▸ What to work on
The entries below contain a line with "Дверь межкомнатная Альберо" and a line with "1PC Wooden Spoon". Quote exactly those two lines and all lines between them.

START Study material

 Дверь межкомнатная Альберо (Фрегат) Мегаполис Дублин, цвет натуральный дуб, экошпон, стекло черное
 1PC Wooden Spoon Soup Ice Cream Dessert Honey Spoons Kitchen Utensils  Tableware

END Study material
START Study material

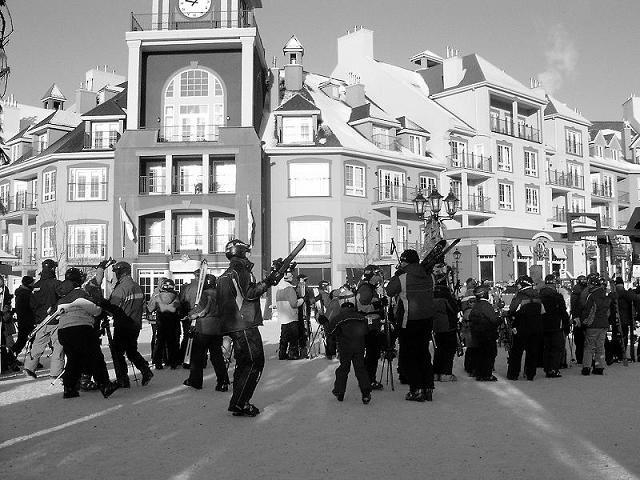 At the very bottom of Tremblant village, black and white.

END Study material
START Study material

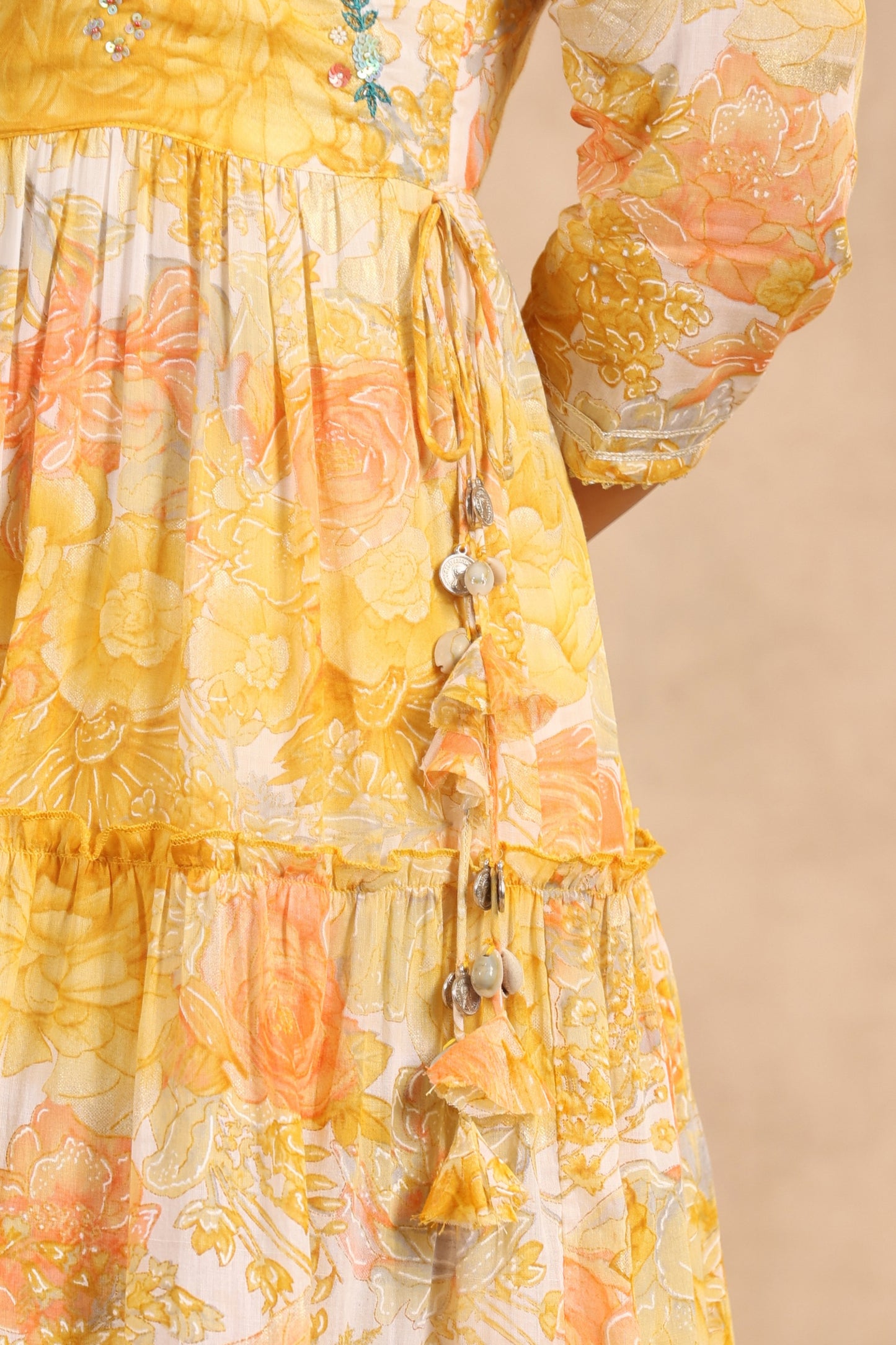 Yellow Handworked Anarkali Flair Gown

END Study material

▸ Output for this exercise
 Дверь межкомнатная Альберо (Фрегат) Мегаполис Дублин, цвет натуральный дуб, экошпон, стекло черное
 1PC Wooden Spoon Soup Ice Cream Dessert Honey Spoons Kitchen Utensils  Tableware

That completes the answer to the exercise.